Despite the return of frank Nehruism in central policy, India still remains a country where the newly-empowered private sector is fighting back. Honest corporates are happy at the increase in public awareness of the fact that it is graft on a monumental scale that is keeping them in such misery. Those traveling by the potholed roads of India; enduring power cut after power cut despite sky-high electricity prices; going through substandard public schooling at a time when the UPA is seeking to choke the private education sector through fresh regulations; and suffering such depredations as income-tax raids conducted just to collect bribes for settlement, are now coming on to the streets. If not in 2012, certainly by 2013, India will have its own Tahrir Square, with millions likely to picket the homes of the powerful trinity of corrupt bureaucrats, businesspersons and politicians who have aped the British colonial authorities by enriching themselves through impoverishing the country. For the first time since the 1950s, India seems to be on a path towards cleaner government and greater powers to the ordinary citizen vis-a-vis the colonial-style state,largely because of the pressure from the Supreme Court and the fact that Prime Minister Manmohan Singh is personally honest,and hence has no personal interest in continuing to cover up corruption.

This is the ideal time for a great democracy to create multiple linkages with India, so that civil society in both countries can benefit. In the field of energy, this writer has already pointed out how the negative bias of the non-proliferation lobby in the U.S. is creating the conditions for an Indo-Russian atomic alliance from which the U.S. will get excluded. Healthcare is another field in which India has several advantages. Indeed, it is this potential that is scaring pharmaceutical and fat-cat medical lobbies in Europe, making them invent risks in India that are unproven by scientific evidence. The Lancet, for example (whose advocacy of the medical mafia in the developed world is transprent) has been printing report after report warning individuals to keep away from India. The latest smear is that the country is swarming with a “superbug”. Unexplained is why such a “deadly” microbe has made zero dent on the country’s population, or in its health services.
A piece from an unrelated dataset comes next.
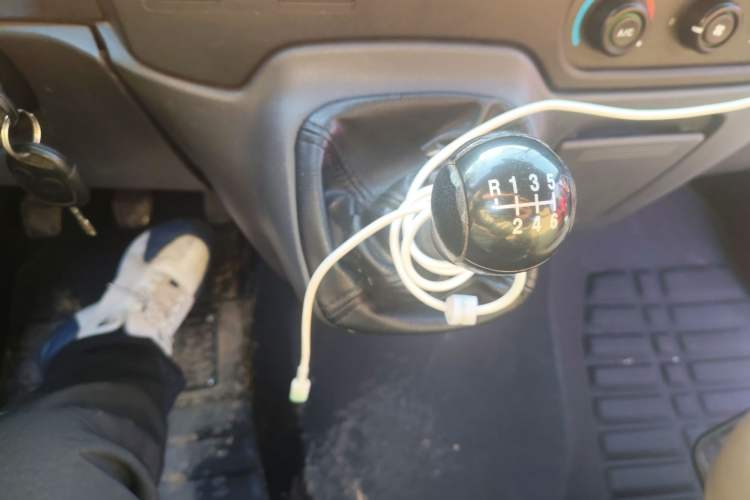 Used Ford Transit Custom 2016 2.2T Long-Wheelbase 6/7-Seater Mid-Roof Multi-Purpose Vehicle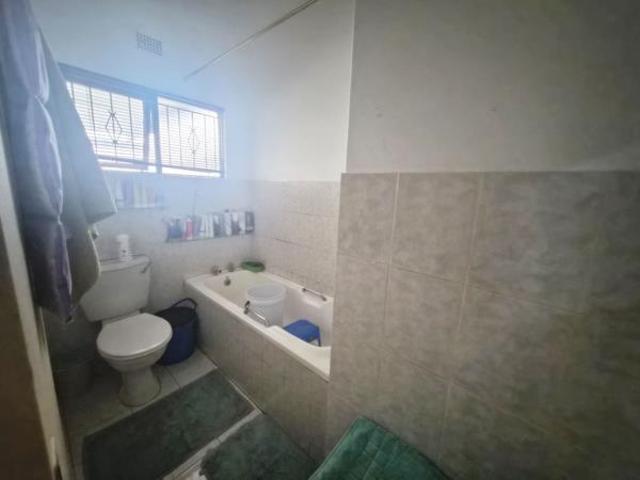 House for sale in Mount Moreland, Kwazulu-natal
The reality is that cooperation with India will cost the medical mafia in several countries their millions of euros, hence the hysteria against India.

The fact is that only – repeat only – an alliance with India can reduce healthcare costs in the U.S. and the EU to levels that are compatible with continued prosperity. Instead of blocking low-cost Indian pharmaceuticals from entering their (or other) markets by the foisting of cases and by other means, EU governments should get their corporates to form alliances with Indian companies that can ensure low-cost healthcare to billions of people in Europe, India and in North America.

However, given their mindset (which is clearly still lost in nostalgia for the colonial era), it is unlikely that the EU will follow such a rational path. On the contrary, we can expect several more efforts to malign both the country as well as its medical profession, because of the fact that it can provide healthcare at a fraction of the cost charged by the medical mafia. Rather, it is the U.S. that needs to take the lead in forming an alliance with India, that would ensure enhanced Indo-US production of cheaper drugs and cheaper procedures. Unless this be done, the U.S. budget deficit will continue to balloon to a level that threatens the future of the world’s biggest economy. The sharing of healthcare facilities by India and the U.S. will ensure the saving of tens of billions of dollars every year, and in time form a fusion that can bring healthcare to the doorsteps of the needy in every country.